Churches, Marcellus Outreach Butler and other organized groups from surrounding counties have been chipping in, making a tremendous difference day to day in the survival of a dozen Woodlands families whose water went bad – in some cases turning dark gray or a bright orange-red – after Rex Energy began drilling and fracking nearby. Even Walmart has promised a thousand dollar check to the impacted families next week, enabling them to buy 2000 gallons of drinking water at $.50 / gallon. Protecting Our Waters’ (POW) Emergency Replacement Water Fund has generated over $1000 in donations from the Philadelphia area; throughout the Marcellus Shale region, and as far away as Washington, D.C. Disbursements from the fund, affectionately dubbed “Water LOVE,” began this past Monday, with coordination on the ground from impacted families.
Shale country kindness is special, in my view, because it’s so urgently needed. The impulse to help is innate, no less than its more famous and better-studied cousin, the impulse to hurt. Studies have shown that consciously cultivated compassion actually changes the human brain; and that among people who practice steady, deep meditation an area of the brain associated with compassion gradually enlarges. Because of neuroplasticity (the ability of the human brain to change itself), thoughts and actions which are kind and generous increase the likelihood of further kind, generous thoughts and actions; and in addition, kindness is socially contagious.
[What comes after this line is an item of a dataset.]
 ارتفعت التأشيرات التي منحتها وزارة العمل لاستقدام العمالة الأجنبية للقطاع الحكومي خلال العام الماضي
So, from farmer Stephen Cleghorn, who hauled his own water buffalo (large plastic container) from his farm over to the McIntyre’s place, to the folks in the Costco parking lot, to the incredibly determined and talented group Marcellus Outreach Butler, the area churches, and all the “Water LOVE” donors: Keep it up. Your brains are growing right along with your hearts. And you are positively contagious.
But it all pales in comparison to the families’ solidarity with each other. Kim McEvoy gives up 6 of her gallons each week to make sure a blind neighbor gets enough. Sheri Makepeace, with three small children to take care of, found the courage to speak out not only for herself, but for her neighbors. Janet McIntyre takes care of everybody with nonstop communication and works with her husband Fred – and with Diane Sipe and Jason Bell of Marcellus Outreach Butler – to keep the water deliveries rolling.
We don’t know if they can keep it up, because it’s exhausting and impractical and some families are going without normal things folks in the U.S.generally expect, like safe showers at home. A long-term solution hasn’t arrived, and won’t arrive without steady pressure on EPA, PA DEP and the PA Department of Health to provide replacement water for the impacted families and to create a permanent solution.
Last week, when news of the pending release of 1/3 of the POW “Water LOVE” funds was spread in the Woodlands neighborhood, one woman “almost collapsed, she was so grateful,” reported Janet McIntyre. It’s terrible that the need is so great.
Obviously kindness is not and will not be enough to make the needed policy changes from bottom to top. We must rise up to create transformative justice so that our own communities and our children’s future is not destroyed. Anger and courage, strategy and indefatigable activist alliances, are necessary. But without kindness all along the way, our fabric becomes too frayed to mend.
Cheers to all you champions of compassion. For these families you are making the difference between a rock, a hard place, and a place to call home. Homes become again places in which to rest, cleanse, restore, and take refuge — only with clean safe water and air.